● **Problem**: Copy each line of the records below that has "Bedroom" in it.

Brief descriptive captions
-- Opening Marker --

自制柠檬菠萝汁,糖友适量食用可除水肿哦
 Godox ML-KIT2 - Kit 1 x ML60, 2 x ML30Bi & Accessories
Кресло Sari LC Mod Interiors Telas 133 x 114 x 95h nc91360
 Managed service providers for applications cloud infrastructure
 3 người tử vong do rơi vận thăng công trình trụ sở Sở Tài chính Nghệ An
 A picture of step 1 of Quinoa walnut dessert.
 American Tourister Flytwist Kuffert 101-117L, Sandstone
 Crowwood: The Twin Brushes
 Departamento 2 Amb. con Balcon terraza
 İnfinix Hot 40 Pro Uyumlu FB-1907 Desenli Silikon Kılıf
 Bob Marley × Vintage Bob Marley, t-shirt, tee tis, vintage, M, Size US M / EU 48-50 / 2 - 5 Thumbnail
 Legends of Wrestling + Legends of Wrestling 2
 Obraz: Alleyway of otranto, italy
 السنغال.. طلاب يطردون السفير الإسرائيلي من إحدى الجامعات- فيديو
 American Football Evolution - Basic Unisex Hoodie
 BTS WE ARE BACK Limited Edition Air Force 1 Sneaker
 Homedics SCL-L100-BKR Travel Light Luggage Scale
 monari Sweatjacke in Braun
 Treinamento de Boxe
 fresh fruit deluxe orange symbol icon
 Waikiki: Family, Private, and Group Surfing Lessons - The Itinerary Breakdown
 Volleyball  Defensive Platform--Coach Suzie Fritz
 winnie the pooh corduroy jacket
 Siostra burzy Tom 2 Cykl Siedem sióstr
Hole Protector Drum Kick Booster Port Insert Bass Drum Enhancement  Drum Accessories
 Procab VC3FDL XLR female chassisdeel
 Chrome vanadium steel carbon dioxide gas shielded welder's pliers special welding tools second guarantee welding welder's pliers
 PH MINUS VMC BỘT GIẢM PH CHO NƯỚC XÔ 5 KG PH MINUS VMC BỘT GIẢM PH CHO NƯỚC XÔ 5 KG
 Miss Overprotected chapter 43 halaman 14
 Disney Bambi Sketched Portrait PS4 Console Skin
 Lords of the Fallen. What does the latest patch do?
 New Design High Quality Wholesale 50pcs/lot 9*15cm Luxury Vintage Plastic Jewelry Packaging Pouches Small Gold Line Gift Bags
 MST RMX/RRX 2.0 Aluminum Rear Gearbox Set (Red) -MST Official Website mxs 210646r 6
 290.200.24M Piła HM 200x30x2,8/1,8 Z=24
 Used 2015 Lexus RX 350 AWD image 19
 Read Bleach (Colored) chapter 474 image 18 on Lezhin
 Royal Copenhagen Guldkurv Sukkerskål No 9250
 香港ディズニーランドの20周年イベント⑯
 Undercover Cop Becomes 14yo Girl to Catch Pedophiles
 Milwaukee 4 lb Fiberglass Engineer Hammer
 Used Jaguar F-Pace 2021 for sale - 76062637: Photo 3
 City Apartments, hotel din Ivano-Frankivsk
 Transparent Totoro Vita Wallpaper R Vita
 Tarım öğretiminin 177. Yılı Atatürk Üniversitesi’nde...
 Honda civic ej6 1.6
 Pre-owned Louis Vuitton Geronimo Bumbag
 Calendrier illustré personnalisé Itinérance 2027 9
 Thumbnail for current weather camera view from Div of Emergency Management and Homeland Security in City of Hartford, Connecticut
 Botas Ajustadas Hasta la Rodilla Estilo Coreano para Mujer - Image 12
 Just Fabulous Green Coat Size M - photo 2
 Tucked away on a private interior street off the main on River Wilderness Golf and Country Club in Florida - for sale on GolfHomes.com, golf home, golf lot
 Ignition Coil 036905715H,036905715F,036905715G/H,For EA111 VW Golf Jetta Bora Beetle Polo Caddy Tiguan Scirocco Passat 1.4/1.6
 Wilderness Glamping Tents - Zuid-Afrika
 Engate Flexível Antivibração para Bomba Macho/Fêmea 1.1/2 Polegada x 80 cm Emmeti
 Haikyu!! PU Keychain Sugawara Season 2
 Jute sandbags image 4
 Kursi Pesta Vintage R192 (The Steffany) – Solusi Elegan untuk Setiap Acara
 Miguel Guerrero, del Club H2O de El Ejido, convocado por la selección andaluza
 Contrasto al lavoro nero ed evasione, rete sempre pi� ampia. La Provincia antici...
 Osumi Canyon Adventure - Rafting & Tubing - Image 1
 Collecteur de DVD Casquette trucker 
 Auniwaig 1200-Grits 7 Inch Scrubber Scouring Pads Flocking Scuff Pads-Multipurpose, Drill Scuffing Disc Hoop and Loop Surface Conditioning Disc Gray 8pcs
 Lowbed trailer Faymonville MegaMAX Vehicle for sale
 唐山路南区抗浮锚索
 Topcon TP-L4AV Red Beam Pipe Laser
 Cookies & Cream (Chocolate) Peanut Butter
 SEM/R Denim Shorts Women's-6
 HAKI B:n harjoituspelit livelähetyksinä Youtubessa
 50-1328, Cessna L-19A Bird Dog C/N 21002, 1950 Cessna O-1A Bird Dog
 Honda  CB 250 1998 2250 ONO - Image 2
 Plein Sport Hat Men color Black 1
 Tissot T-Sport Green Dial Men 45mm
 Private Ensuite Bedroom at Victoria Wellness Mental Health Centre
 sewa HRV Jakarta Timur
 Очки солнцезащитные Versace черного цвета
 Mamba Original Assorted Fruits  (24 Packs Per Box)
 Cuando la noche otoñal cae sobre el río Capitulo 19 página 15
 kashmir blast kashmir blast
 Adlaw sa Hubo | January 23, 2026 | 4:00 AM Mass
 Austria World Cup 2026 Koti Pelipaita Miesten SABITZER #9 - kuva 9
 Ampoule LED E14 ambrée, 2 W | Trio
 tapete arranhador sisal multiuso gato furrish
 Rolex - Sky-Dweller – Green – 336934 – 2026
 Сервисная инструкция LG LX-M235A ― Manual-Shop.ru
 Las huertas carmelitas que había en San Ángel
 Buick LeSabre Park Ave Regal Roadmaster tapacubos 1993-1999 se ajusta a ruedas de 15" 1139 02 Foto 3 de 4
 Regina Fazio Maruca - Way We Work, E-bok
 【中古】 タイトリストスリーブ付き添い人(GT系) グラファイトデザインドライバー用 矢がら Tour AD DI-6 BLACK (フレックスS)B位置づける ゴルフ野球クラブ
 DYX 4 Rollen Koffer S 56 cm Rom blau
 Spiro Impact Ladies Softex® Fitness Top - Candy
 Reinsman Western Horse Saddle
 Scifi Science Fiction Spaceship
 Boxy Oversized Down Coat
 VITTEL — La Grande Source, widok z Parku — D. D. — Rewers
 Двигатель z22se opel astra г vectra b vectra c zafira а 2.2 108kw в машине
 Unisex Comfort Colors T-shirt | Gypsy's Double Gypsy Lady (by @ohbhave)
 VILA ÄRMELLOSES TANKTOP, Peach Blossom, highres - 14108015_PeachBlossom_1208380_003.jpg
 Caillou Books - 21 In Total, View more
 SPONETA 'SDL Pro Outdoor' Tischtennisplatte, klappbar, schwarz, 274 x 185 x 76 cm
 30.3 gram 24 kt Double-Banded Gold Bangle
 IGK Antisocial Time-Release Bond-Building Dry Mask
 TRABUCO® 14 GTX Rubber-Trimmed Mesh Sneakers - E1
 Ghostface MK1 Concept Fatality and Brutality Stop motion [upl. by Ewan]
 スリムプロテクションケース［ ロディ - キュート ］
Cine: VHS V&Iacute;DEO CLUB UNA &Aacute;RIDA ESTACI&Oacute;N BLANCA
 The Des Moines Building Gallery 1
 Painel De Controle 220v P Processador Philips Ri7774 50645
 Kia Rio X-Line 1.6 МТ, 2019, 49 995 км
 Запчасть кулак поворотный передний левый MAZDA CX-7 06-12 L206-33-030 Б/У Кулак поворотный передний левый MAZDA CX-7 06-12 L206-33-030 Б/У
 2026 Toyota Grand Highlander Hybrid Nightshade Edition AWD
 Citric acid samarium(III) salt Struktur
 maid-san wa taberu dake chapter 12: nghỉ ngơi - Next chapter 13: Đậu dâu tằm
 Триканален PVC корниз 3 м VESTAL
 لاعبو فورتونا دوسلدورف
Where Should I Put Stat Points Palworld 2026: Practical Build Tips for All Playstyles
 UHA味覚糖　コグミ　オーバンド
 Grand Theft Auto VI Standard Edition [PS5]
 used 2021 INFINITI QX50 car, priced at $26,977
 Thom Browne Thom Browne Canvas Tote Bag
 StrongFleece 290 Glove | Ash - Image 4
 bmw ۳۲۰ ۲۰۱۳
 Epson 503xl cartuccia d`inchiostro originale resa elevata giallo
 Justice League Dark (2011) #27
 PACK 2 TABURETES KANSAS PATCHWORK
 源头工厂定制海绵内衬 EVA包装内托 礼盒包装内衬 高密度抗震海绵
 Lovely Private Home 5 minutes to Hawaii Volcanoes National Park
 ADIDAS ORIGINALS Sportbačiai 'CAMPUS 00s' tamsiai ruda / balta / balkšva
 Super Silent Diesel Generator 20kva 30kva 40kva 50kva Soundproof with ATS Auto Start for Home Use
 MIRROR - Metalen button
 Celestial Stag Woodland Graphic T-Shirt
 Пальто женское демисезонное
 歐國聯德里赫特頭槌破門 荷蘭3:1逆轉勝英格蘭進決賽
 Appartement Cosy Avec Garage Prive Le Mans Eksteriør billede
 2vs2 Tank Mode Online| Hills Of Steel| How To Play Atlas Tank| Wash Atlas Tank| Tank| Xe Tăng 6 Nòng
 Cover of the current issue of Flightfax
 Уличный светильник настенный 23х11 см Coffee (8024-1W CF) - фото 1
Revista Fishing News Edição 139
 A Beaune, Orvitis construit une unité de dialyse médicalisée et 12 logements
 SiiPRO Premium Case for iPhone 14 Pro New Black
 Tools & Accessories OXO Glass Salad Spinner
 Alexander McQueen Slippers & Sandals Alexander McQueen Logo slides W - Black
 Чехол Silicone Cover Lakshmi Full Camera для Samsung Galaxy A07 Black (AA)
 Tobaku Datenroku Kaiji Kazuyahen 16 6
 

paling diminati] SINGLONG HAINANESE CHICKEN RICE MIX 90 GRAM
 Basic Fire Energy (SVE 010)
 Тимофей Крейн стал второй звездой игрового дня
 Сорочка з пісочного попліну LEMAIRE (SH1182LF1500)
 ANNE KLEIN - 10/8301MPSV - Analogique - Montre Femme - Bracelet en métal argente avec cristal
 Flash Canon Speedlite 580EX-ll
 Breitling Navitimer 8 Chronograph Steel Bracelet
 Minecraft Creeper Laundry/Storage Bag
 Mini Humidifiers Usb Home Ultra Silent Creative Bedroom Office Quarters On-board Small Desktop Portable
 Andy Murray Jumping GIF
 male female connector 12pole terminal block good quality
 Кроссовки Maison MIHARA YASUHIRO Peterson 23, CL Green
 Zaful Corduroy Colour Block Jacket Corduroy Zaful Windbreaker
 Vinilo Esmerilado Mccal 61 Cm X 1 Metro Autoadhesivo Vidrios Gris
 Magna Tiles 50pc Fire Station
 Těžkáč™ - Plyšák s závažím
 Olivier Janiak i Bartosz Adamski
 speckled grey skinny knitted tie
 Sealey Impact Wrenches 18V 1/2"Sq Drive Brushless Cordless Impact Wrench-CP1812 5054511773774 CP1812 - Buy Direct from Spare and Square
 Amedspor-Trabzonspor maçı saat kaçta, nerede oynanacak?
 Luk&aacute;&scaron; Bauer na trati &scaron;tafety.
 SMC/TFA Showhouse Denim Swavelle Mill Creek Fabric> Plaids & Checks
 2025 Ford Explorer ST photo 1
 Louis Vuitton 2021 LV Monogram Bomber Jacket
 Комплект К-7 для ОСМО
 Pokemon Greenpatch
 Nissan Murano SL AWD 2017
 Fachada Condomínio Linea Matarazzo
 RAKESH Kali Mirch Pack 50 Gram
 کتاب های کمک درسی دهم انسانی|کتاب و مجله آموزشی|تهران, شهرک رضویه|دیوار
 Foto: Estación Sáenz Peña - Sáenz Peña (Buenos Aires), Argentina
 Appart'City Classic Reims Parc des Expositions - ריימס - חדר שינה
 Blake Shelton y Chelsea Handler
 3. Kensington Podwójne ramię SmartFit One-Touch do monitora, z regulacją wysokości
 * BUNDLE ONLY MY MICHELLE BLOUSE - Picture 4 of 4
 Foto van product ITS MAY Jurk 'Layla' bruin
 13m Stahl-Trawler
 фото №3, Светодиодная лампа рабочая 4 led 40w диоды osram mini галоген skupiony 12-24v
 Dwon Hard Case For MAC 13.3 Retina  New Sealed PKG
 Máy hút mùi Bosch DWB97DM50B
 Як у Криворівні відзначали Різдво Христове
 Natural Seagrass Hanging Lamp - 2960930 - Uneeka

-- Closing Marker --

● **Response for this exercise**:
 Private Ensuite Bedroom at Victoria Wellness Mental Health Centre
 Mini Humidifiers Usb Home Ultra Silent Creative Bedroom Office Quarters On-board Small Desktop Portable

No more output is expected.